Il 22 maggio del 2010 sarà per i tifosi interisti per sempre il giorno, anzi la sera, del Triplete, con la Champions League vinta dopo avere conquistato Coppa Italia e scudetto. Ad oggi l’ultima Champions vinta da un club italiano, ma la statistica è oggettiva mentre tutt’ora senza una vera spiegazione rimane l’addio di Mourinho alla panchina dell’Inter per andare al Real Madrid. Non certo per i soldi, visto che in quel momento i nerazzurri erano in grado di pagare chiunque ai livelli più alti. Oltretutto per andare in un ambiente come quello del Real, poco amante dei tecnici-guru, un ambiente in cui le sconfitte sono sempre colpa dell’allenatore e le vittorie merito dei giocatori.
Al di là delle voci di mercato, di Mourinho al Real Madrid si inizia a parlare concretamente a fine aprile, quando Marca scrive che l’allenatore poprtoghese al 95% cambierà squadra. L’Inter prima in classifica con 2 punti sulla Roma si sta preparando alla partita con la Lazio, terzultima giornata di campionato. Mourinho ha il contratto anche per le stagioni successive, fino al 2012, ma è un contratto con un clausola liberatoria per entrambe le parti. Florentino Perez è in pressing: l’anno prima ha fatto spese mostruose (Cristiano Ronaldo e Kakà, per dirne due, oltre a Benzema, Xabi Alonso e altri) ma vede sempre da dietro il Barcellona di Guardiola.

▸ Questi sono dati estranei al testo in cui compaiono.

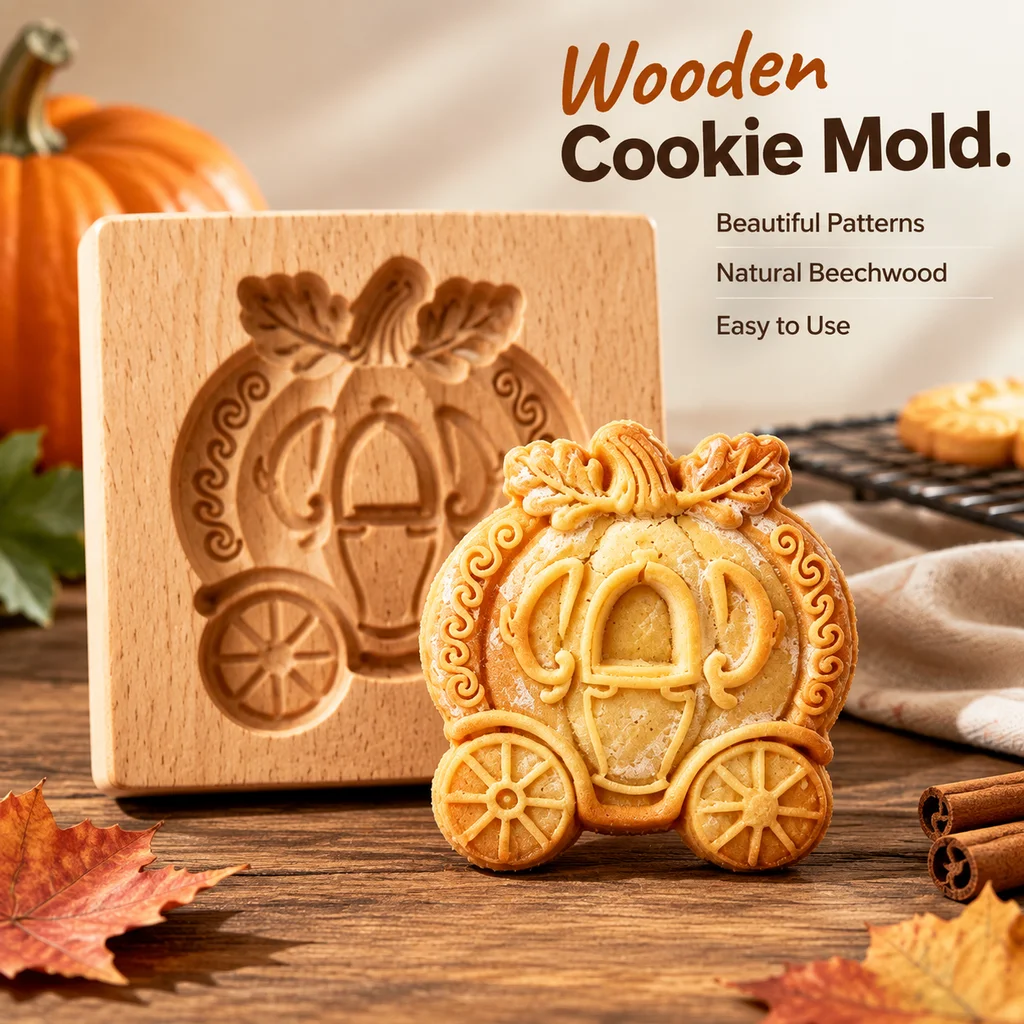 Wooden Cookie Mold Press for Baking 3D Carved Beechwood Gingerbread Stamp Halloween Pumpkin Ghost Embossing Cookie Cutter Mold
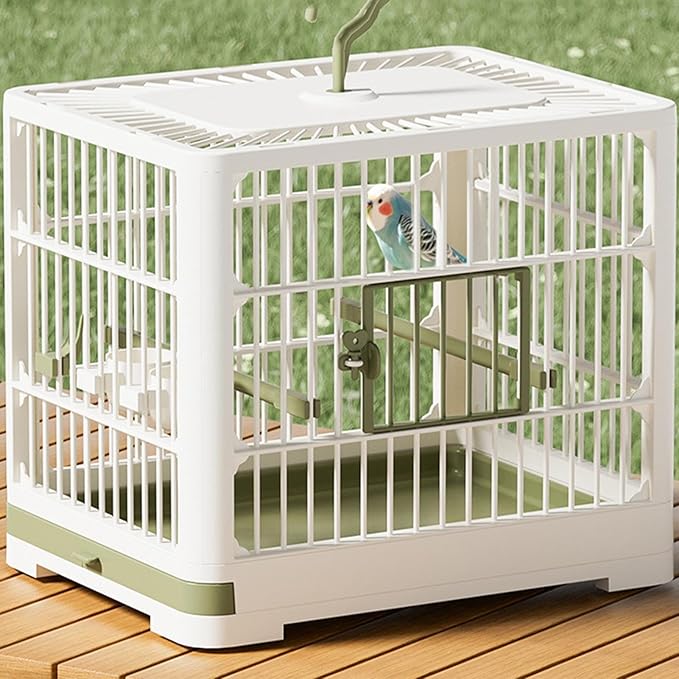 Bird Cage - Travel Bird Cage, Portable Bird Carrier | Lightweight Cage for Small Birds with Standing Pole, Detachable Tray with Hook Handle, Bird House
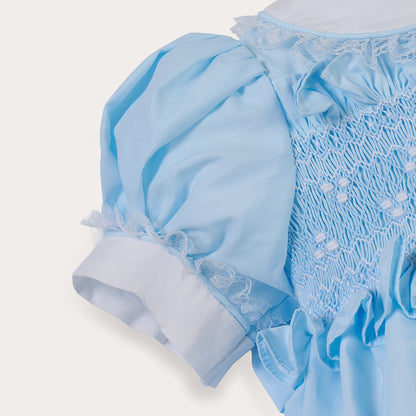 Hand smocked Ellis dress baby blue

Si va avanti fra sussurri e indiscrezioni fino alla conquista della Coppa Italia, poi l’11 maggio un fatto decisivo: Moratti si stizzisce per avere appreso dai giornali di Mourinho al Real, non per il fatto in sé (già l'anno prima Mourinho sembrava intenzionato a partire) ma perché la clausola liberatoria aveva proprio il senso di essere onesti nel momento dell’addio. Quel giorno l’Inter fa un comunicato per dire che non ha preso contatti con altri allenatori, che Mourinho ha un contratto fino al 2012 e che bisogna comunque pensare allo scudetto, rimane da giocare l’ultima partita a Siena, e alla Champions League. Mourinho risponde, a mezzo stampa, al comunicato, sostenendo di non avere preso contatti con alcun club e che la sua testa è comunque su Siena e Bayern. Vera soltanto la seconda affermazione. Moratti confida che il futuro di Mourinho all’Inter si deciderà dopo la finale di Madrid, ma non sembra crederci troppo. E a dirla tutta non ha intenzione di fare le barricate per trattenerlo: sentir parlare in continuazione di ‘Inter di Mourinho’ non gli fa piacere.

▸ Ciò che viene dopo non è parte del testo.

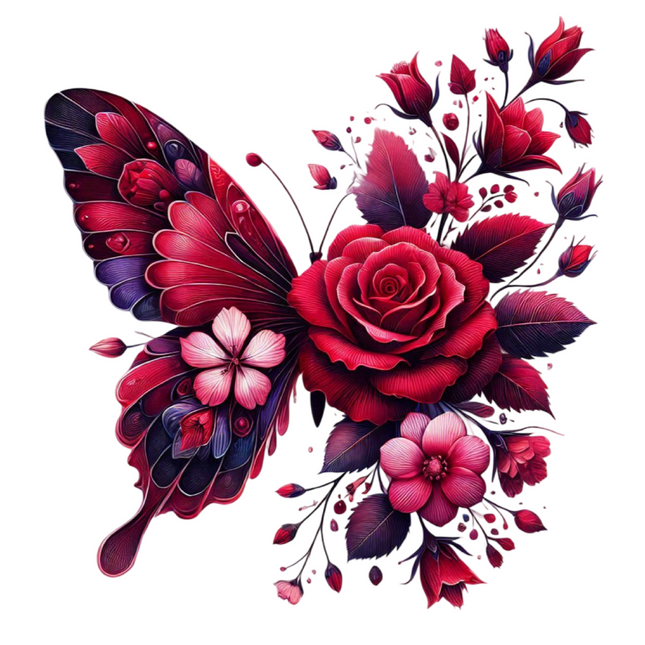 Butterfly & Floral Design for Apparel – DTF Heat Transfers #24 DTF Transfers Style Junction – Custom Digital Designs & Apparel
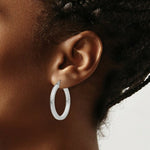 Load image into Gallery viewer, 14K White Gold 3mm Polished Square Tube Hoop Earrings 3mm width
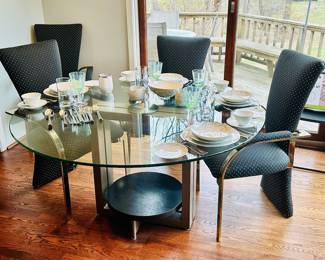 MCM Glass Top Dining Table Shown with Fantastic Carson's Sculptural Dining Chairs Upholstered in a Black Fabric with Polka Dot Pattern, Set of 6 Available.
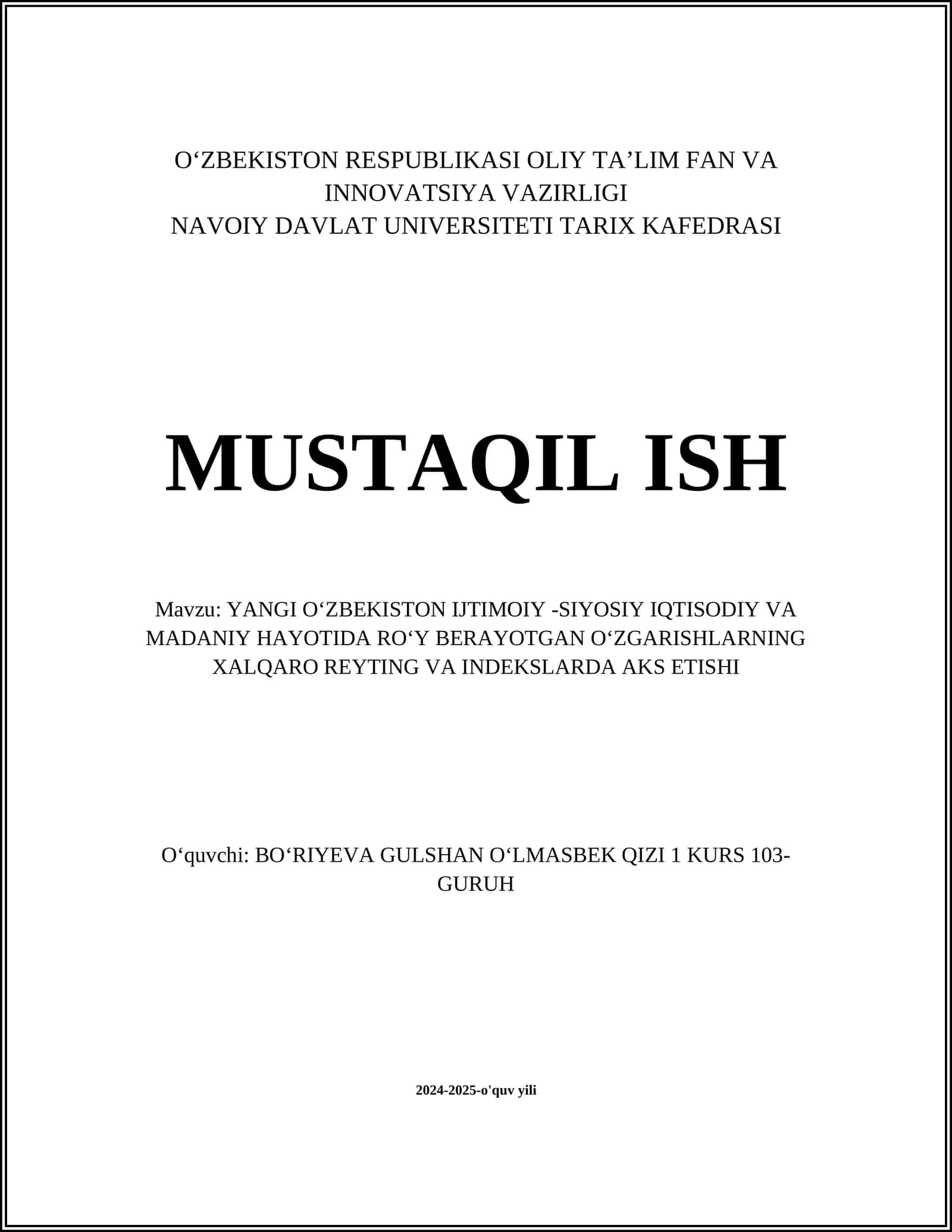 YANGI OʻZBEKISTON IJTIMOIY -SIYOSIY IQTISODIY VA MADANIY HAYOTIDA ROʻY BERAYOTGAN OʻZGARISHLARNING XALQARO REYTING VA INDEKSLARDA AKS ETISHI 1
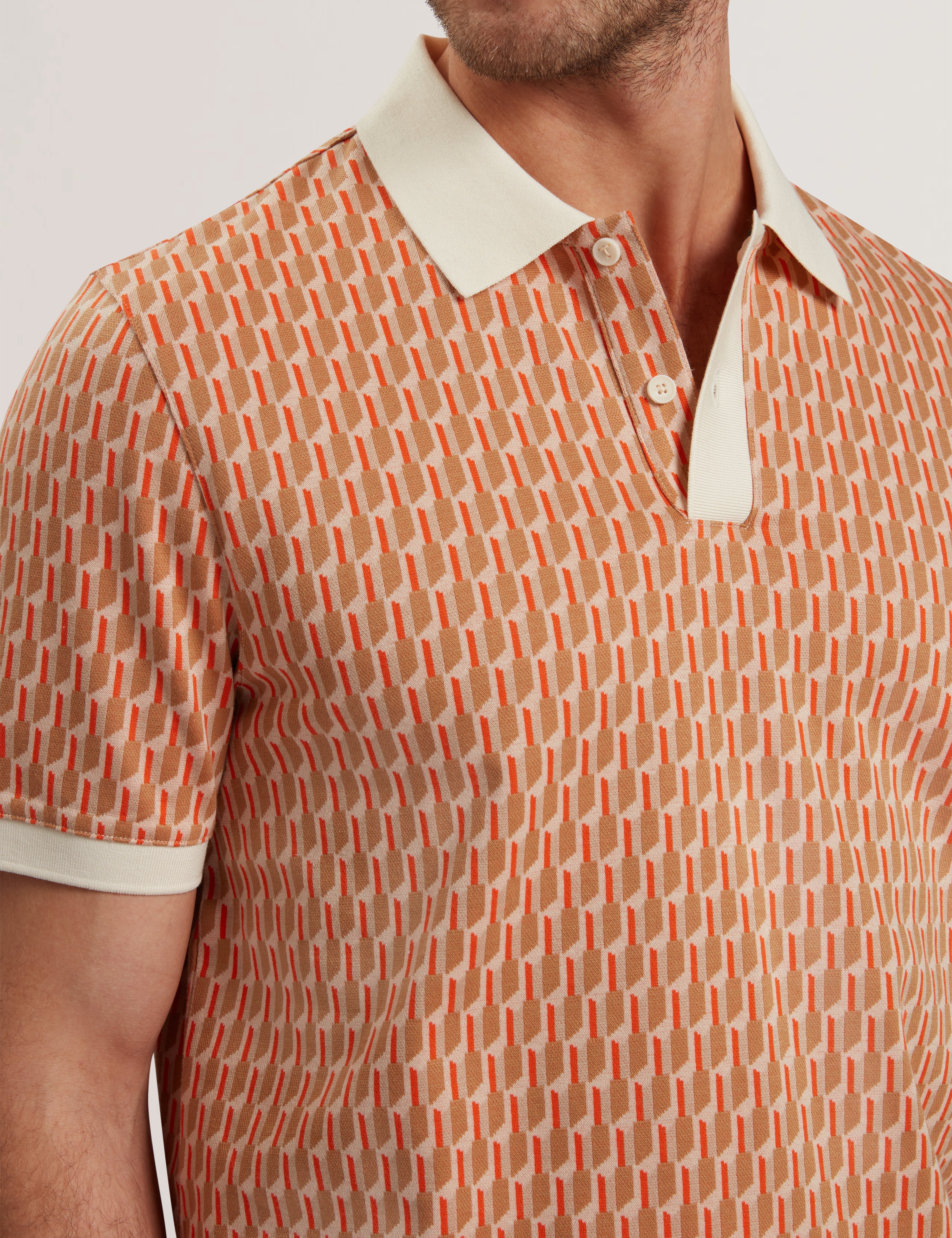 Hamishs Short Sleeve Jacquard Stripe Geo Polo Camel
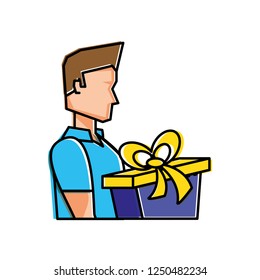young man with gift box present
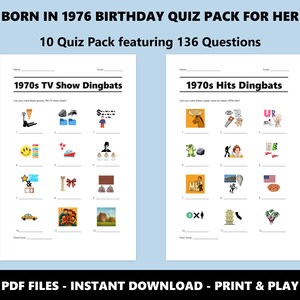 1976 Birthday Quiz Bundle For Her: 50th Birthday Trivia (Instant PDF Download) image 2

Dopo la vittoria di Siena, domenica 16 maggio, Mourinho spiega che il problema non è l’Inter ma il calcio italiano con i suoi potentati, i suoi veleni. Un concetto ribadito proprio il 22 maggio, dopo la finale vinta con il Bayern Monaco: “Non me ne vado dall’Inter, ma dal calcio italiano”. È una mezza verità, perché in realtà Mourinho considera il Real Madrid il punto di arrivo nella carriera di un allenatore e non ne fa una questione di soldi. Quanto ai veleni, il famoso 'rumore dei nemici', sono a volte un problema ma più spesso ancora la sua benzina, ciò che dà la carica a lui e alle sue squadre. La sera di lunedì 24 maggio Mourinho va a cena con Moratti: non c’è molto di cui discutere, c’è solo da salutarsi con l’imbarazzo di non sapersi spiegare bene il perché. Il Real pagherà la clausola rescissoria e Mourinho non tornerà più all’Inter.